Les parents se demandent comment assurer la sécurité de leurs enfants, ou vers qui se tourner pour obtenir des soutiens et des conseils au sein de la communauté orthodoxe. Certains s’interrogent sur les ramifications médicales et émotionnelles d’un enfant transgenre. D’autres veulent savoir ce que dit la Halakha (la loi juive) au sujet de l’homosexualité. Et d’autres encore veulent savoir comment l’homosexualité d’un enfant peut affecter les chances des autres de trouver l’âme soeur au sein de la communauté orthodoxe.
Tout cela reste une affaire sensible dans le monde juif orthodoxe, comme l’a montré une étude confidentielle menée par Eshel au mois de février dernier. Environ 300 parents juifs orthodoxes et traditionnels d’enfants LGBT y ont participé.
Kabakov affirme tenter d’expliquer aux parents d’enfants LGBT que la priorité est l’acceptation et le bonheur.
‘Pour certains parents, c’est vraiment se poser la question de savoir que faire de cette information’
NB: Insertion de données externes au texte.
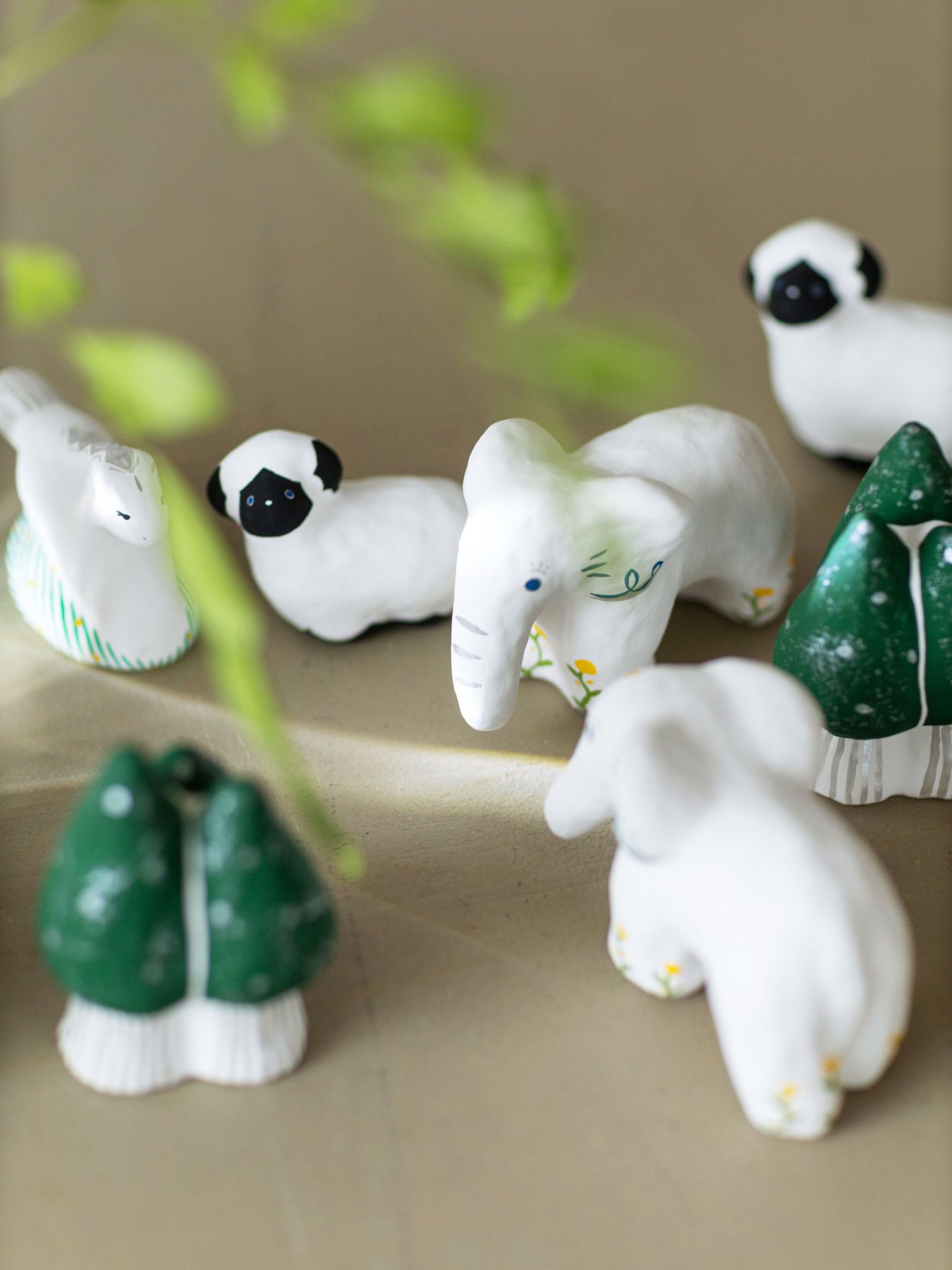 りなの村／張子オブジェ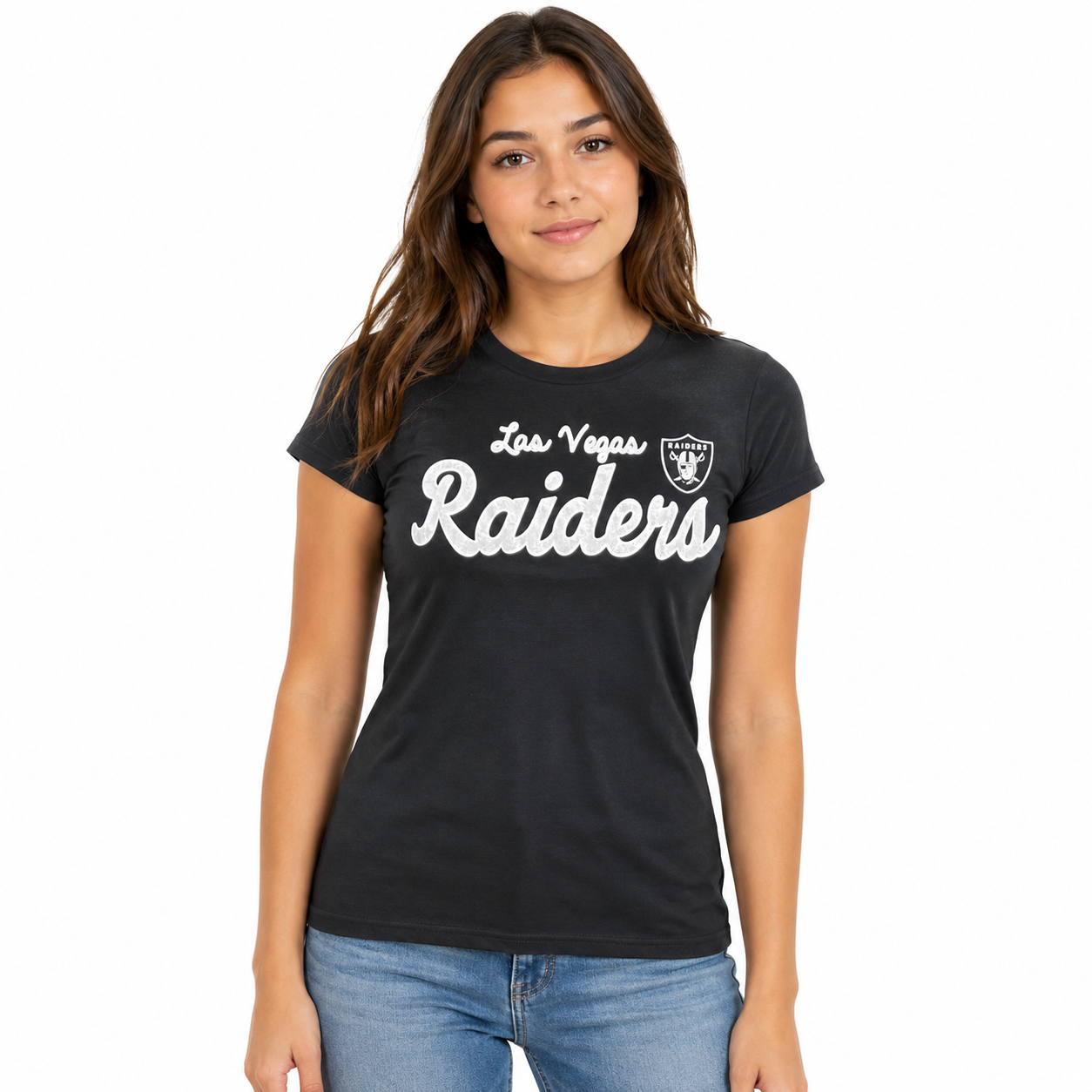 Las Vegas Raiders Ladies g-III Staple Shirt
« Amener les parents à comprendre le combat livré par leurs enfants. La meilleure prévention contre le suicide, c’est l’acceptation des parents. L’utilisation des drogues, la dépression et autres comportements préjudiciables disparaissent quand apparaît l’acceptation », indique Kabakov.
« Le parent peut choisir d’accepter ou de rejeter. Une grande partie de notre mission est d’amener les parents à accepter leurs enfants pour ce qu’ils sont et pour ce qu’ils vous disent être ».
Selon le Projet d’Acceptation familial de San Francisco, l’acceptation et le soutien familial aident à prévenir les risques sanitaires et psychologiques pour les enfants et les jeunes LGBT, notamment le suicide, l’infection à VIH, ou des adolescents qui finissent à la rue.
Les participants à la retraite viennent majoritairement des Etats-Unis, mais aussi d’Israël, du Royaume-Uni et d’Australie. Le temps passant, les parents deviennent très proches, s’invitent les uns les autres aux mariages, aux bar mitzvahs et autres fêtes, déclare Kabakov.
Cela leur permet de voir qu’ils ne sont pas seuls, qu’ils trouvent une communauté à laquelle ils appartiennent et qu’ils peuvent se soustraire aux voix négatives qui résonnent dans les synagogues, dans les écoles et chez les membres de la communauté.
« Mon propre ‘coming-out’, en tant que mère d’un homosexuel, a été lent et constant. D’abord, il faut sonder le terrain », explique Dickler. « Je pense que c’est comme avec les cercles concentriques. Vous commencez avec ceux qui sont proches de vous, à qui vous pouvez faire confiance, puis, petit à petit, vous vous éloignez du centre ».